--- THE INPUT ---

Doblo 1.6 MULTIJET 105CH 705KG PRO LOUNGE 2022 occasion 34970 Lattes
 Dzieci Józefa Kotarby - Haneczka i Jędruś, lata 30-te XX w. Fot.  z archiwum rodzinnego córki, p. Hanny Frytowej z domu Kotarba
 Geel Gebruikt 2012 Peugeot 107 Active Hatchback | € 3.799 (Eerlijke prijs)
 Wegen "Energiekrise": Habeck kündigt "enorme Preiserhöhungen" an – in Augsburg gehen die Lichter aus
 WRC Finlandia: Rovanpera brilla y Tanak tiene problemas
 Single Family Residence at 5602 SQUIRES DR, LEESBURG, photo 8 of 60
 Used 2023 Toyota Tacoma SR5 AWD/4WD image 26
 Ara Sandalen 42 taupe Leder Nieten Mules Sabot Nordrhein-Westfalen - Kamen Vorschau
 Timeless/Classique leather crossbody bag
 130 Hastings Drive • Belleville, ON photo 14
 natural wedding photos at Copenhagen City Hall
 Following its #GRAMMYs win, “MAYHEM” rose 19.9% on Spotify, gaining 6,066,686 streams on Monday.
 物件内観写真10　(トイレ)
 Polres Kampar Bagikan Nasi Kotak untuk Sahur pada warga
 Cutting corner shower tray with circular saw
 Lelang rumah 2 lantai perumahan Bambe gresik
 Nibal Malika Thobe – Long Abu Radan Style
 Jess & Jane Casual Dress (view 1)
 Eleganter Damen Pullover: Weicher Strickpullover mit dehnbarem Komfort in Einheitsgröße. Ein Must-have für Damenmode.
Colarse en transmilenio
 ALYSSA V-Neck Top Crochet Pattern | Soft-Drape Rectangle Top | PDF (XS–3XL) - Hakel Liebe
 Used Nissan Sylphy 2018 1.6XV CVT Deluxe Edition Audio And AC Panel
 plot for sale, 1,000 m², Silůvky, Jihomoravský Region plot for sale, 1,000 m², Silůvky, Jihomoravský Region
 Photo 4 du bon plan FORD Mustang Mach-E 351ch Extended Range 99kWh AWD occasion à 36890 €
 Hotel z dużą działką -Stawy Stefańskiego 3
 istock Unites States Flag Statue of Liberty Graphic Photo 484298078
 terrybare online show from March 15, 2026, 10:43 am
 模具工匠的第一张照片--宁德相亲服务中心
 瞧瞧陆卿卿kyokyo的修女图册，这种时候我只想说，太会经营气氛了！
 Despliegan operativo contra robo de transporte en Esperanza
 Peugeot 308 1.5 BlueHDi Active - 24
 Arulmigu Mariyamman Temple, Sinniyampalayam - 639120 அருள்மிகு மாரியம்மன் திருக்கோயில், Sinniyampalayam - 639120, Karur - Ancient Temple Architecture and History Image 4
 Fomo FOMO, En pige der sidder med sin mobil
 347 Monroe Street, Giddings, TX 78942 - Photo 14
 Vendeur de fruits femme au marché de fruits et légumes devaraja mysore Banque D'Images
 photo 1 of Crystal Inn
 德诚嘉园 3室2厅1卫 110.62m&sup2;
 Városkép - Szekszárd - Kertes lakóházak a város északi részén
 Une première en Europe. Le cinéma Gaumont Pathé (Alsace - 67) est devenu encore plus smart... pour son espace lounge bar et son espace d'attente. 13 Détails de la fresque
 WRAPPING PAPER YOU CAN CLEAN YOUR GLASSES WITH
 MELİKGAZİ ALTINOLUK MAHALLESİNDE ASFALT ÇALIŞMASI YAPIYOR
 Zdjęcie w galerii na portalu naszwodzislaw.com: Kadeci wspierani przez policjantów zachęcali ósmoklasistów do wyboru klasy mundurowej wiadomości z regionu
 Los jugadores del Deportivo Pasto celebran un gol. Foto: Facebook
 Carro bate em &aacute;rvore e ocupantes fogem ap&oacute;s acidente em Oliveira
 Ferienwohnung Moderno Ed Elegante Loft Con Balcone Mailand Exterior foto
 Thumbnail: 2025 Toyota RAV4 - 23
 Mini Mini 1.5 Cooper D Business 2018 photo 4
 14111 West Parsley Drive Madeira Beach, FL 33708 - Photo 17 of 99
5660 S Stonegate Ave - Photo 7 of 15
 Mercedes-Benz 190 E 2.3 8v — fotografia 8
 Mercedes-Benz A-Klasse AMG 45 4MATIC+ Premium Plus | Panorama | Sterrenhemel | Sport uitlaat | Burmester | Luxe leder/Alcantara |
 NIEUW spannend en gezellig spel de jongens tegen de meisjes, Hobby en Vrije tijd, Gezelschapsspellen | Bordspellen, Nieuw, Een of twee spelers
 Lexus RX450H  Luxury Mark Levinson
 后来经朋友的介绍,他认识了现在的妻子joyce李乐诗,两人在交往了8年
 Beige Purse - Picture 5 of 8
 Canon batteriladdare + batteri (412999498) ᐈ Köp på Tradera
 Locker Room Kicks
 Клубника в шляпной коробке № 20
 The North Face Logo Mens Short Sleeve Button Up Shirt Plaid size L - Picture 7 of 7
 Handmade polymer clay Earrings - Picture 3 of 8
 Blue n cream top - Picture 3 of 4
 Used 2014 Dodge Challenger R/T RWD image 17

---

**ACTION ITEM:**
Reproduce only the lines running from the one with "Carro bate em" through the final line of the listing above, both ends included.

**OUTPUT FOR THIS TASK:**
 Carro bate em &aacute;rvore e ocupantes fogem ap&oacute;s acidente em Oliveira
 Ferienwohnung Moderno Ed Elegante Loft Con Balcone Mailand Exterior foto
 Thumbnail: 2025 Toyota RAV4 - 23
 Mini Mini 1.5 Cooper D Business 2018 photo 4
 14111 West Parsley Drive Madeira Beach, FL 33708 - Photo 17 of 99
5660 S Stonegate Ave - Photo 7 of 15
 Mercedes-Benz 190 E 2.3 8v — fotografia 8
 Mercedes-Benz A-Klasse AMG 45 4MATIC+ Premium Plus | Panorama | Sterrenhemel | Sport uitlaat | Burmester | Luxe leder/Alcantara |
 NIEUW spannend en gezellig spel de jongens tegen de meisjes, Hobby en Vrije tijd, Gezelschapsspellen | Bordspellen, Nieuw, Een of twee spelers
 Lexus RX450H  Luxury Mark Levinson
 后来经朋友的介绍,他认识了现在的妻子joyce李乐诗,两人在交往了8年
 Beige Purse - Picture 5 of 8
 Canon batteriladdare + batteri (412999498) ᐈ Köp på Tradera
 Locker Room Kicks
 Клубника в шляпной коробке № 20
 The North Face Logo Mens Short Sleeve Button Up Shirt Plaid size L - Picture 7 of 7
 Handmade polymer clay Earrings - Picture 3 of 8
 Blue n cream top - Picture 3 of 4
 Used 2014 Dodge Challenger R/T RWD image 17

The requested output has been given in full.